O SR. ROBERTO FREIRE (PPS-PE. Pronuncia o seguinte discurso. Sem revisão do orador) - Sr. Presidente, Srs. Senadores, vou abordar uma questão que ocupa, quase diariamente, as manchetes dos meios de comunicação e que hoje foi objeto de vários pronunciamentos nesta Casa. Refiro-me à questão agrária e ao preocupante recrudescimento da violência no campo.

Isso foi reconhecido pelo próprio Presidente Fernando Henrique Cardoso no seu último programa semanal de rádio, quando disse que "o problema dos sem-terras se agravou".

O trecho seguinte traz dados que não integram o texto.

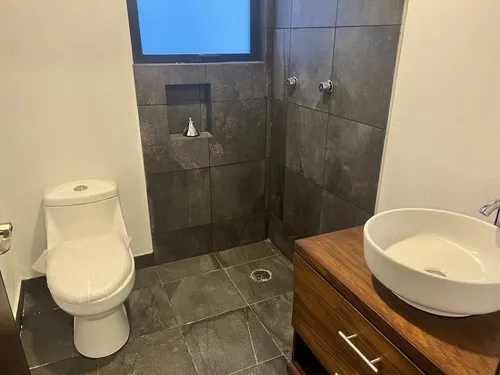 Rento O Vendo Casa Sola En Cacalomacan.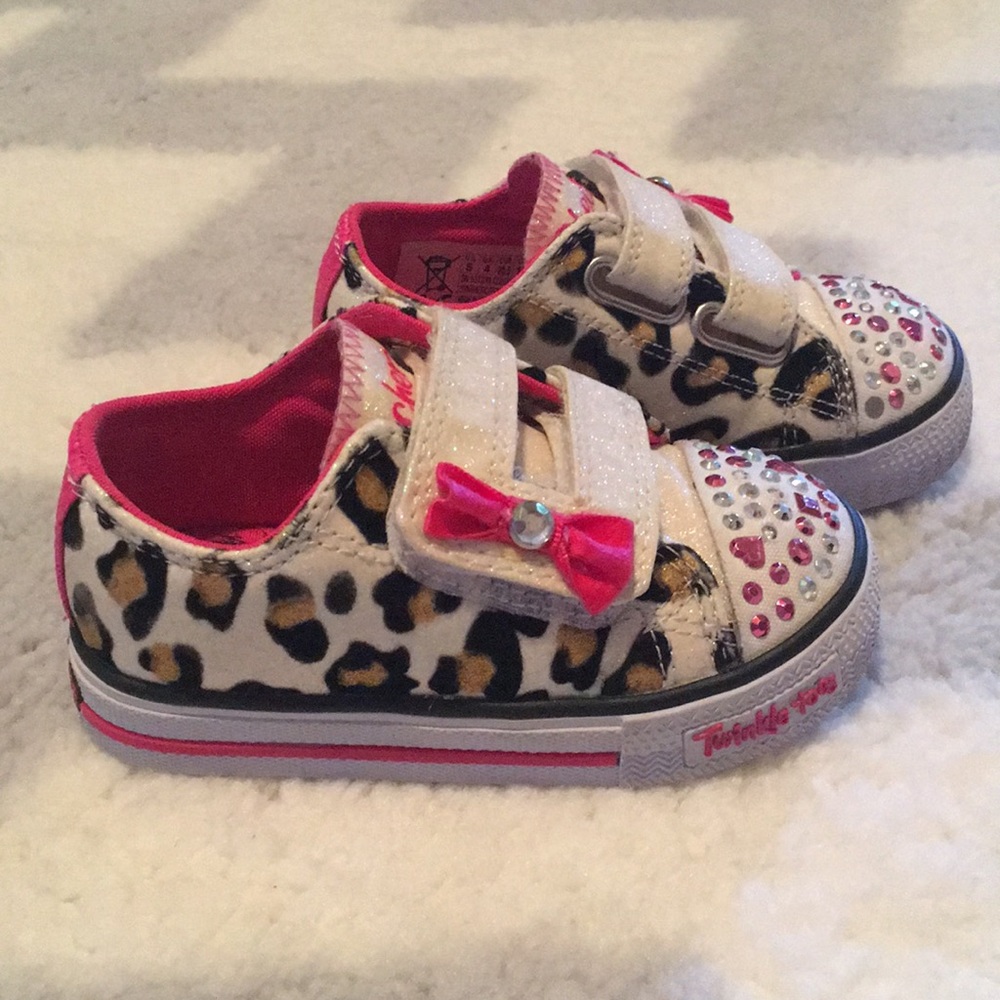 VGUC Skechers Twinkle Toes, Toddler size 5.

O importante é que no dia seguinte à audiência que teve com a CONTAG, Sua Excelência fez um gesto concreto - saúdo-o em meu nome e em nome do Partido Popular Socialista: demitiu o Presidente do INCRA e nomeou para o cargo o próprio Chefe de Gabinete da Presidência da República, pessoa de sua inteira confiança, o que - creio - sinaliza status político preferencial ao programa de reforma agrária.

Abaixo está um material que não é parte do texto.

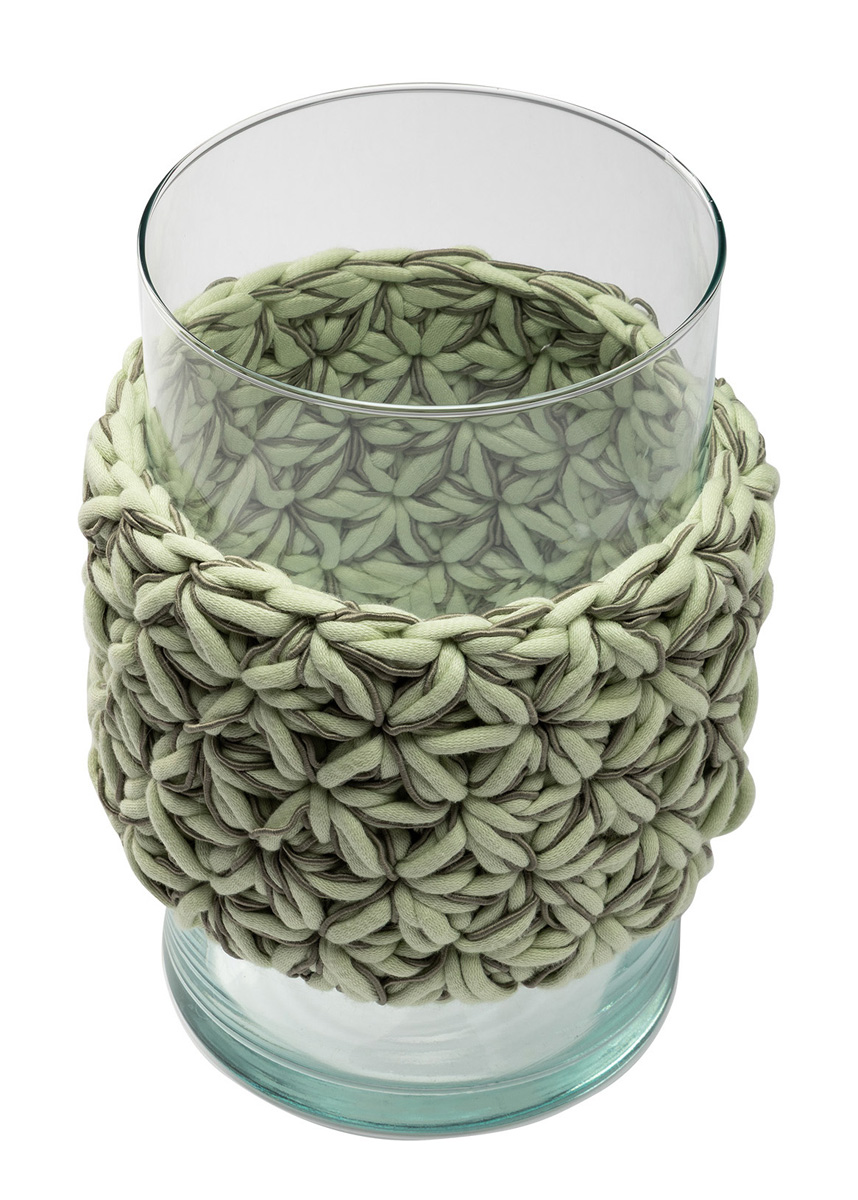 VASENMANSCHETTE The Tube & The Core von Lana Grossa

Mas por que se deu esse quadro de crescente agravamento dos conflitos no campo?

No Governo Itamar Franco - o Senador Pedro Simon, no Senado, e eu, na Câmara, tivemos a honra de liderar - a questão agrária recebeu tratamento diferenciado que se expressou nos que assumiram a responsabilidade de comandar as ações de intervenção fundiária e de assentamento rural, todos comprometidos com o processo de mudança da realidade agrária brasileira. Mais ainda, naquele período, após mais de 4 anos de paralisia institucional, fruto não só da inapetência governamental, mas também do rescaldo dos traumáticos embates sobre a propriedade na Constituinte, o Congresso Nacional decretou e o Presidente da República sancionou a legislação regulamentadora do Texto Constitucional relativo à reforma agrária, disciplinado hoje pela Lei 8.629, de fevereiro de 1993 (conhecida como Lei Agrária) e pela Lei Complementar nº 76, de julho de 1993 (chamada de Lei do Rito Sumário).

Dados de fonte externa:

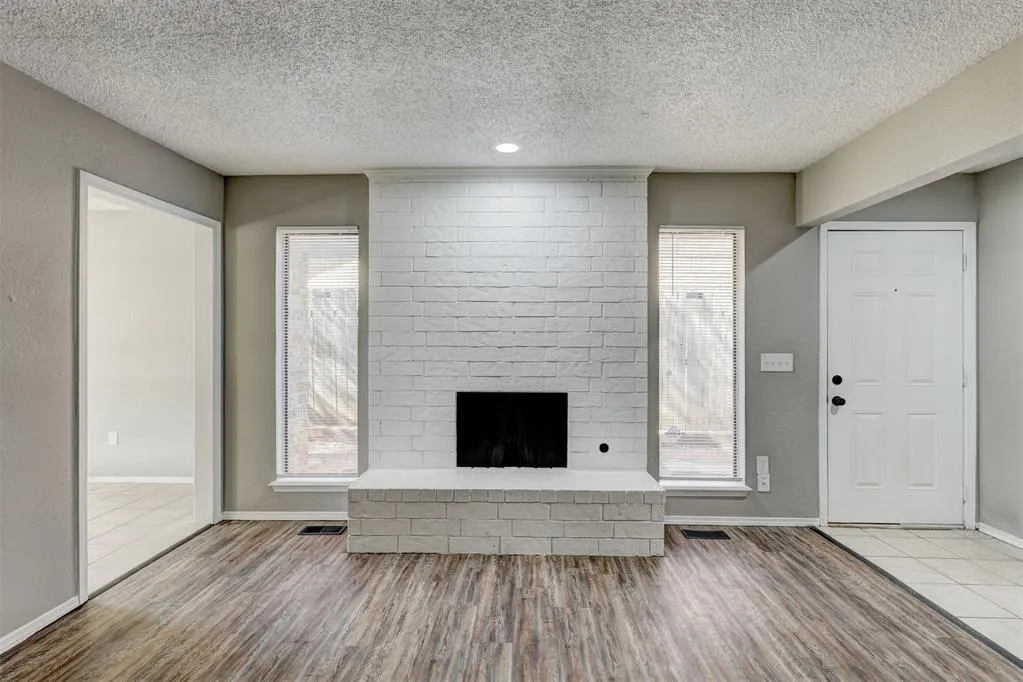 Photo 12 — 6713 Lyrewood Lane 2, Oklahoma City, OK 73132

A edição dessas leis representou um marco em nosso ordenamento jurídico e possibilitou a criação das precondições institucionais necessárias para a atuação do Estado no campo fundiário. Com isso, pode o Governo retomar o processo de reforma com mecanismos legais mais eficazes e dessa forma melhor enfrentar o peso ideológico, e até superá-lo, no tratamento da questão agrária.

O Estado, a partir daí, recuperou, ainda que gradativamente, seu papel de mediar, através do INCRA, os conflitos existentes. No final do Governo Itamar, havia sido decretada a desapropriação de mais de um milhão e meio de hectares em todo o País. Ficou, ainda, para o governo seguinte, uma reserva de processos tramitando, que permitiu a desapropriação, já no início do novo governo, de mais um milhão de hectares. Esse estoque de terras possibilita o assentamento de aproximadamente 60 mil famílias de trabalhadores rurais.

Ao lado disso, em 1993, mais de 87 mil famílias receberam crédito para a produção e para a implantação de projetos de assentamento. Ao todo, naquele período de governo, mais de 140 mil famílias obtiveram acesso a esse tipo de crédito especial, significando uma retomada do apoio financeiro aos assentamentos.

O que garantiu o êxito dessa política foram as medidas sérias, equilibradas, persistentes e corajosas tomadas no Governo Itamar Franco e conduzidas na gestão democrática e competente do INCRA de então, apoiada, inclusive, pelo Presidente Fernando Henrique Cardoso, à época Ministro da Fazenda.

Como o próprio Governo Itamar, todo aquele processo foi de transição, gestando as condições institucionais, legais e administrativas para uma nação do Estado mais criteriosa e mais ampla.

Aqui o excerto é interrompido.